When you reach the line containing "spare room with" in the entries below, begin reproducing lines exactly, and stop once the line containing "Two people in" is done.

__Exercise data__
"""
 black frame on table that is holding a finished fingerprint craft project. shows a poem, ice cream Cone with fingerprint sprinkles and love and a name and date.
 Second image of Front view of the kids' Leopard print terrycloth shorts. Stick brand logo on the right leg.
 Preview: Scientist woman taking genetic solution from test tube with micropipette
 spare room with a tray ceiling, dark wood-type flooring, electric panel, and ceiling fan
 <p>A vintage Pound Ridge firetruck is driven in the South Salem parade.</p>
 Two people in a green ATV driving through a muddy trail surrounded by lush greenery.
"""
"""
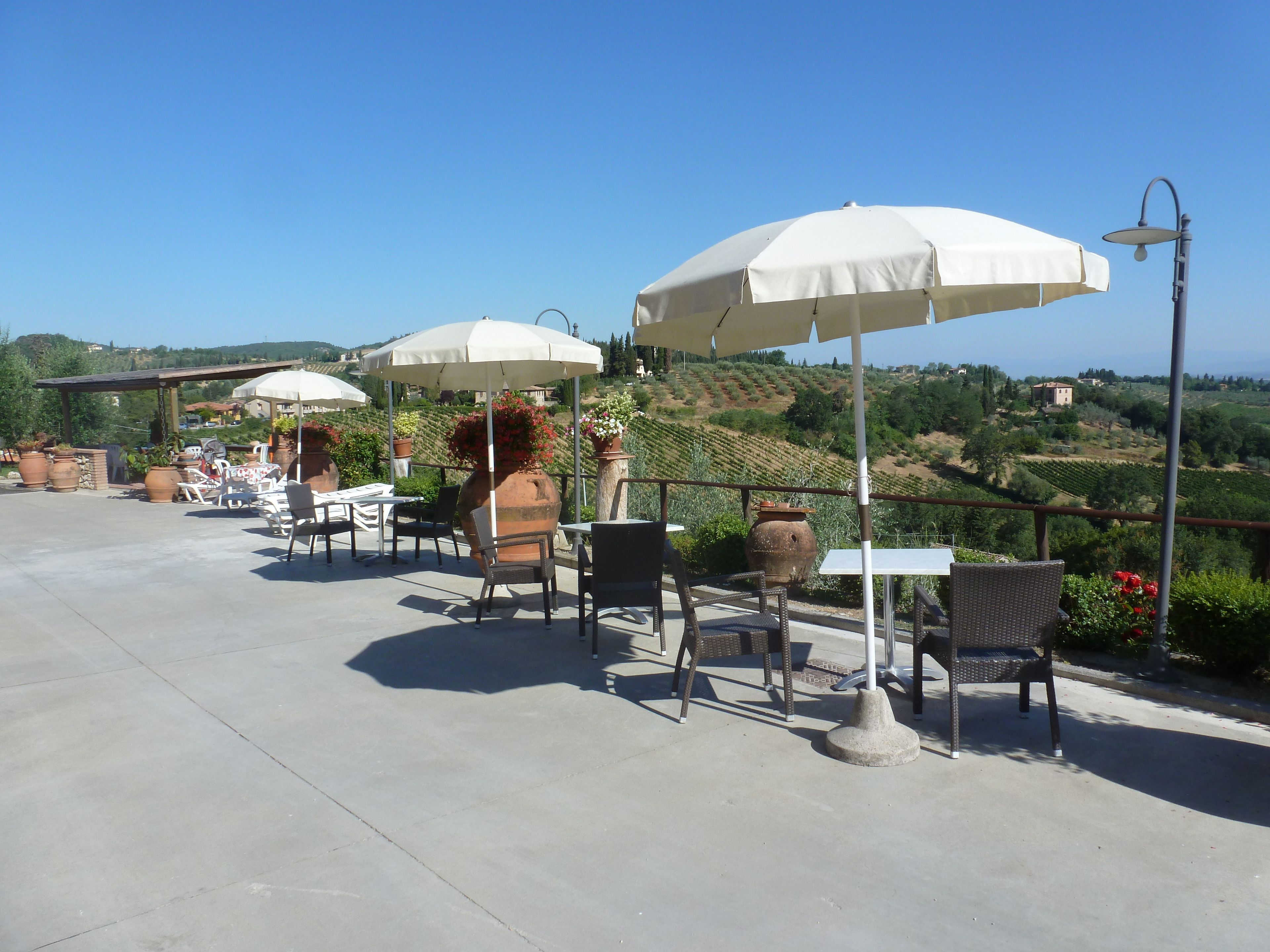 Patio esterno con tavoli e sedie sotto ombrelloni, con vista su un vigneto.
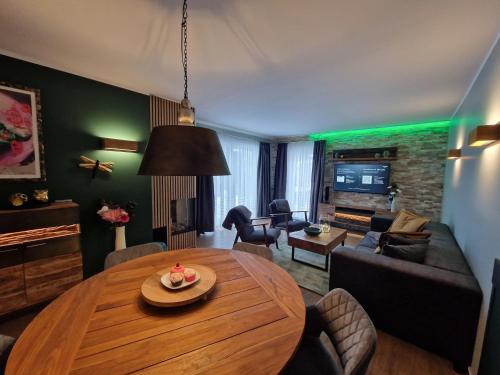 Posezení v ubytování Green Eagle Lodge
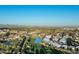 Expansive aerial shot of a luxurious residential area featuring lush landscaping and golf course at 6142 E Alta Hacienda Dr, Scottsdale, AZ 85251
"""
"""
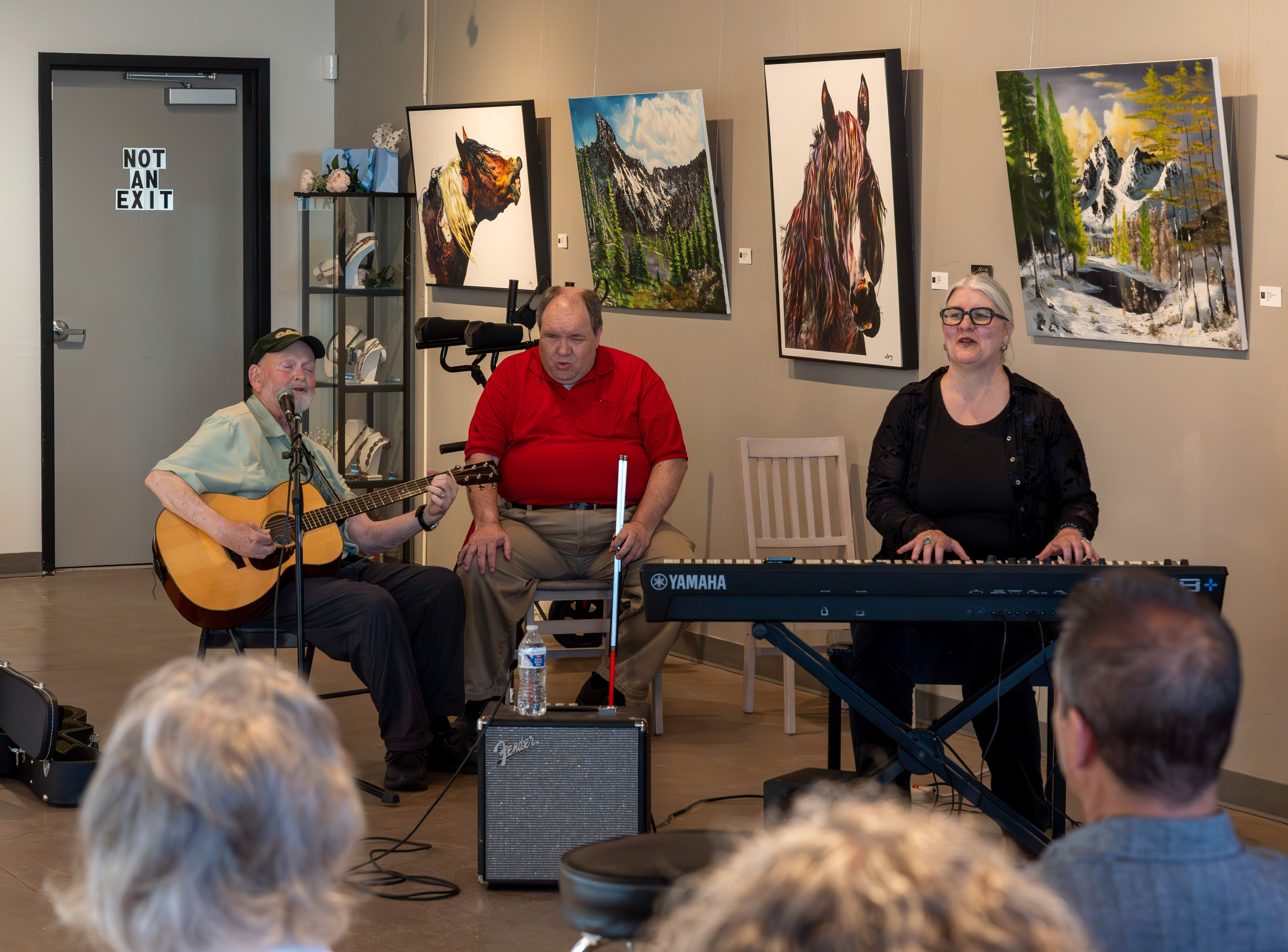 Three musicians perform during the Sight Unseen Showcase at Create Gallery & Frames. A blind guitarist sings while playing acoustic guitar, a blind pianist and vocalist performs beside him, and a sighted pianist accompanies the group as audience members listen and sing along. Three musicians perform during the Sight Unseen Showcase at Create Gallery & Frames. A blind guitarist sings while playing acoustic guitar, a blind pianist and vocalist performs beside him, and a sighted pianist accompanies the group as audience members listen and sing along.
"""
__Your response__
 spare room with a tray ceiling, dark wood-type flooring, electric panel, and ceiling fan
 <p>A vintage Pound Ridge firetruck is driven in the South Salem parade.</p>
 Two people in a green ATV driving through a muddy trail surrounded by lush greenery.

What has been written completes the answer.